# Upgrading E-Machine w3611



## QtoTheBall (Aug 24, 2005)

Hey everyone. Recently came into some extra cash and I'm deadset on finally upgrading my comp. I'm purchasing a vid card, 4 gigs of ram and a new psu. My question basically is, which psu should I purchase. My system currently runs on 350 w so I think with the new vid card and ram and probably a new fan I'm going to need about 500 w too 550 just to be safe.

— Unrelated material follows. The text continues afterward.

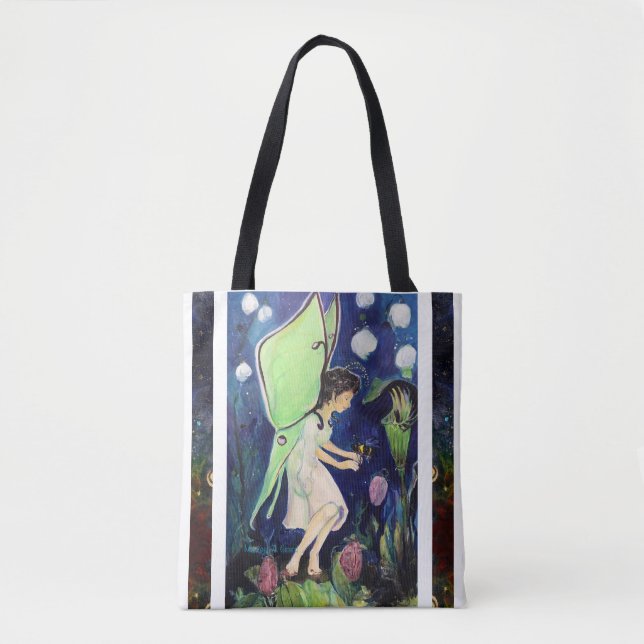 Tote Bag Luna Moth Fairy Bee Maureen Girard (Devant)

I'm pretty sure I need an ATX power supply but I see the option for ATX 12 v supplies and I'm not quite sure which my computer needs. I don't want get all my new stuff to find out my psu doesn't have right connections on it. Basically I was hoping someone could find me a psu off newegg.com that would work with this comp. My price range is from 30-60$. The less the better but I don't want to sacrifice too much quality for a couple dollars saved. Below I will list system specs straight off E-machine site and the VId card and memory I intend to purchase, any comments on those would be greatly appreciated, the 8800GTS seems like a good deal but I'm not very computer savvy. Thanks for your time.
-Q

Vid card link
http://www.newegg.com/Product/Product.aspx?Item=N82E16814130325

Ram Link
http://www.newegg.com/Product/Product.aspx?Item=N82E16820144157

Computer Specs
CPU: Intel® Pentium® 4 Processor 631
Hyper-Threading and Intel® EM64T Technology
(3.00GHz, 2MB L2 cache, 800MHz FSB) 
Operating System: Genuine Windows Vista® Home Basic

Monitor: Includes eMachines® 17" Widescreen LCD 
Chipset: Intel® 945G 
Memory: 512MB DDR2 dual-channel capable (1 × 512MB), 533MHz (PC4200)
Expandable to 2GB
2 DDR2 Slots (Total), 1 DDR2 Slot (Available) 
Hard Drive: 160GB SATA II (7200rpm, 8MB cache) 
Optical Drive: DVD±RW 16x Multiformat Dual-Layer Optical Drive
Up to 8.5GB with Dual-Layer Media
Write max: 16x DVD±R, 6x DVD-RW, 8x DVD+RW, 4x DVD+R DL, 40x CD-R, 24x CD-RW 
Read max: 16x DVD-ROM, 40x CD-ROM 
Media Reader: High-Performance 15-in-1 Digital Media Manager™
xD-Picture Card™, CompactFlash® I (CF), CompactFlash® II, Secure Digital™ (SD), Mini Secure Digital™ (Mini SD), Multi Media Card (MMC), Reduced Size MMC (RS-MMC), MMC Mobile, MMC Plus, Memory Stick (MS), Memory Stick Duo, Memory Stick Pro®, Memory Stick Pro® Duo, SmartMedia, IBM Microdrive 
Video: Intel® Graphics Media Accelerator 950
Up to 224MB Shared Video Memory
PCI-Express® (PCI-E x16) slot available for upgrade 
Sound: 6-channel (5.1) high-definition audio
Amplified Stereo Speakers (USB-Powered) 
Communications: 56K ITU v.92-ready Fax/Modem (RJ-11 port)
Intel® 10/100Mbps Ethernet LAN (RJ-45 port) 
Peripherals: Premium multifunction keyboard, 2-button wheel mouse 
Ports/Other: 6 - USB 2.0 Ports (2 Front, 4 Rear)
1 - VGA
1 - Parallel port
1 - Serial port
2 - PS/2 ports (keyboard and mouse)
3 - audio (rear): line-in/side (stereo), front/headphone (stereo), microphone
2 - audio (front): microphone, front/headphone (stereo)
1 - RJ-45 ethernet port
1 - RJ-11 modem port 
Dimensions: 14.50"H x 7.25"W x 16.50"D 
Weight: 21.2 lbs


----------



## sobeit (Nov 11, 2007)

one thing I noticed is you will be wasting your money with 4 gigs of ram unless you have a 64 bit system and operating system. It will not see/use more than 3 and since its dual, its best to run only in pairs.


----------



## speedster123 (Oct 18, 2006)

stay with the 2X1 gig dual channel kit.. for 2 gigs, the board will have an issue if more is forced upon it, limitation wise.

you have a mini tower
even though the supply has atx form factor, physically measure the space for a new supply. you most likely have a bestec now, so make some room in the outside trash bin.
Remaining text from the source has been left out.